In Ezekiel’s immediate geographical worldview, these names represented the Anatolian powers directly north of Israel. Another common argument is Ezekiel 38:15, which states that Gog will come from the “uttermost parts of the north.” People look at a modern globe, draw a line straight north of Jerusalem, and hit Moscow.
However, in ancient biblical geography, “the north” was a standard idiom for invaders. Because of the vast Arabian Desert to the east, ancient armies invading Israel from Mesopotamia or Babylon, Assyria, or Asia Minor always traveled down the Fertile Crescent and invaded Israel from the literal north.
Jeremiah frequently refers to Babylon as an enemy “out of the north,” even though Babylon is geographically east of Israel. To an ancient reader, “the far north” pointed to Asia Minor and the Black Sea region.

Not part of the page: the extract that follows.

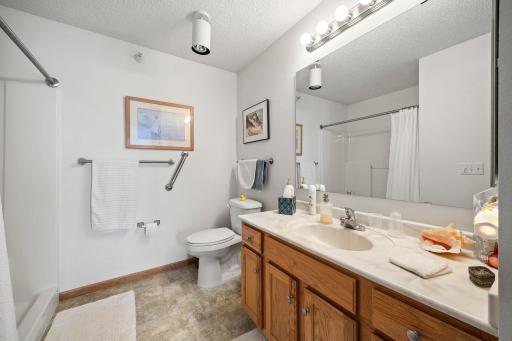 2155 6th Lane SE, 202, Cambridge, MN 55008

If the linguistic and historical evidence points so strongly to Asia Minor/Turkey, why are so many people 100% sure it’s Russia? It comes down to a theological framework called Dispensational Premillennialism, which gained massive traction in the 19th and 20th centuries as popularized by the Scofield Reference Bible. During the Cold War, when the Soviet Union was a godless, nuclear-armed superpower opposing Israel, prophecy writers naturally mapped Ezekiel’s “northern invader” onto the USSR.